──────── Provided information ────────

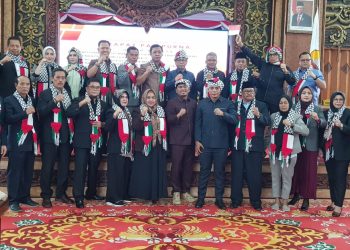 Foto bersama usai melaksanakan Rapat Paripurna di Gedung DPRD Provinsi Jambi, Senin (6/11) (Dok. Hadian - Humas)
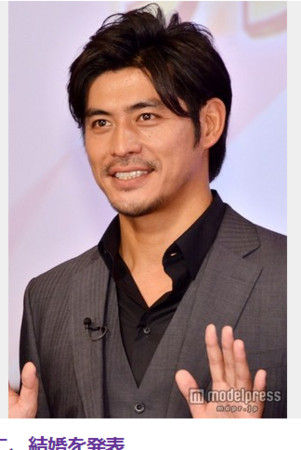 坂口宪二结婚了！圈外女友已怀孕2个月。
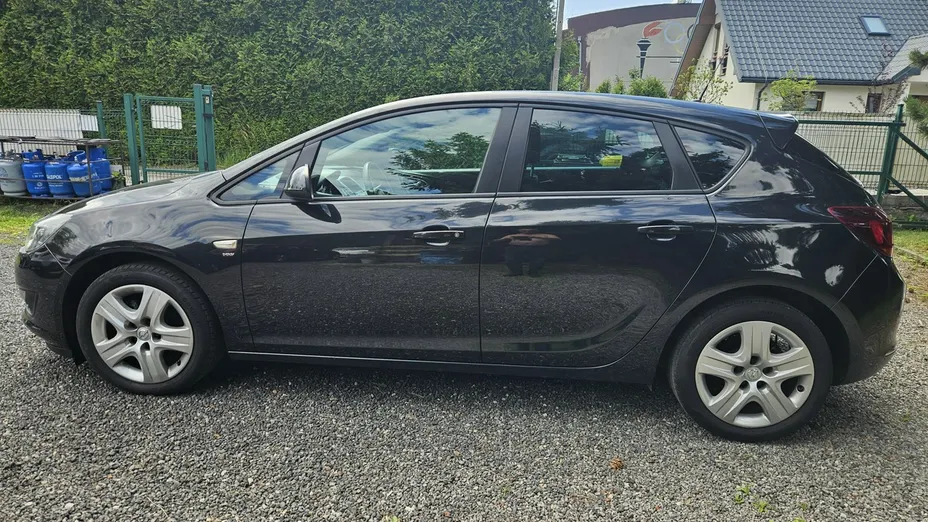 OPEL Astra -
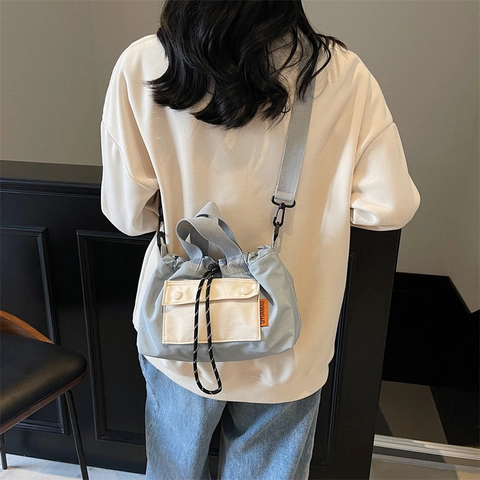 Women Canvas Bucket Bag With Drawstring Closure Adjustable Strap Casual Commuting Contrast Color Handbag Shoulder Bag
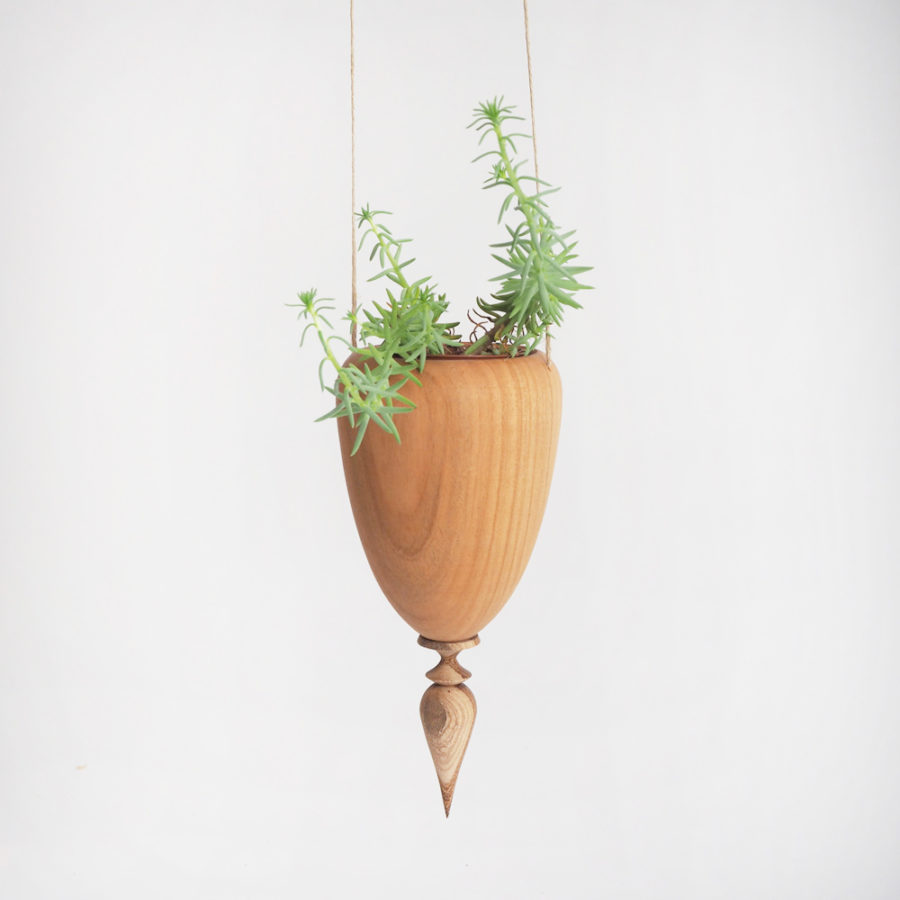 cache pot en bois de merisier avec plante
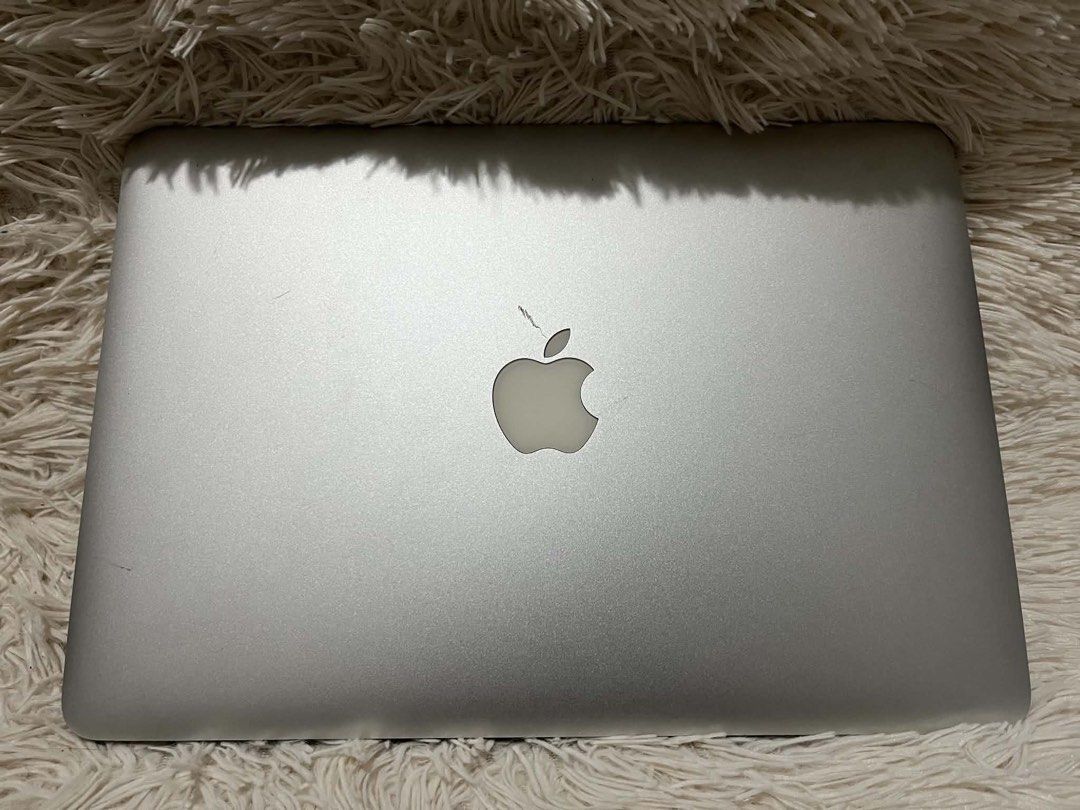 Macbook air 13inch (Category: Laptops & Notebooks) located in Quezon City. Submitted by all_about_retro (Listing ID 1466894820, Image 1). Description: Macbook air 13inch Mid 2012 Makinis lcd Complete keyboard Makinis unit Untested unit Wala akong charger ng macbook Note: Galing ito sa mga lote na nabili ko, wala ren ako alam sa mga macbook As is condition Pickup.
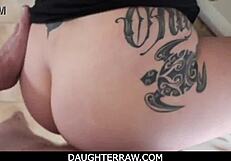 Gatinha de Bunda Grande Raven Reign Cavalga Pau do Padrastro em Fantasia Tabu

────────

Find the line with "坂口宪二结婚了！圈外女友已怀孕2个月。" and the line with "Macbook air 13inch (Category: Laptops" in the records above. Copy both and all lines between them exactly, without pictures.

■ Reply to the task
 坂口宪二结婚了！圈外女友已怀孕2个月。
 OPEL Astra -
 Women Canvas Bucket Bag With Drawstring Closure Adjustable Strap Casual Commuting Contrast Color Handbag Shoulder Bag
 cache pot en bois de merisier avec plante
 Macbook air 13inch (Category: Laptops & Notebooks) located in Quezon City. Submitted by all_about_retro (Listing ID 1466894820, Image 1). Description: Macbook air 13inch Mid 2012 Makinis lcd Complete keyboard Makinis unit Untested unit Wala akong charger ng macbook Note: Galing ito sa mga lote na nabili ko, wala ren ako alam sa mga macbook As is condition Pickup.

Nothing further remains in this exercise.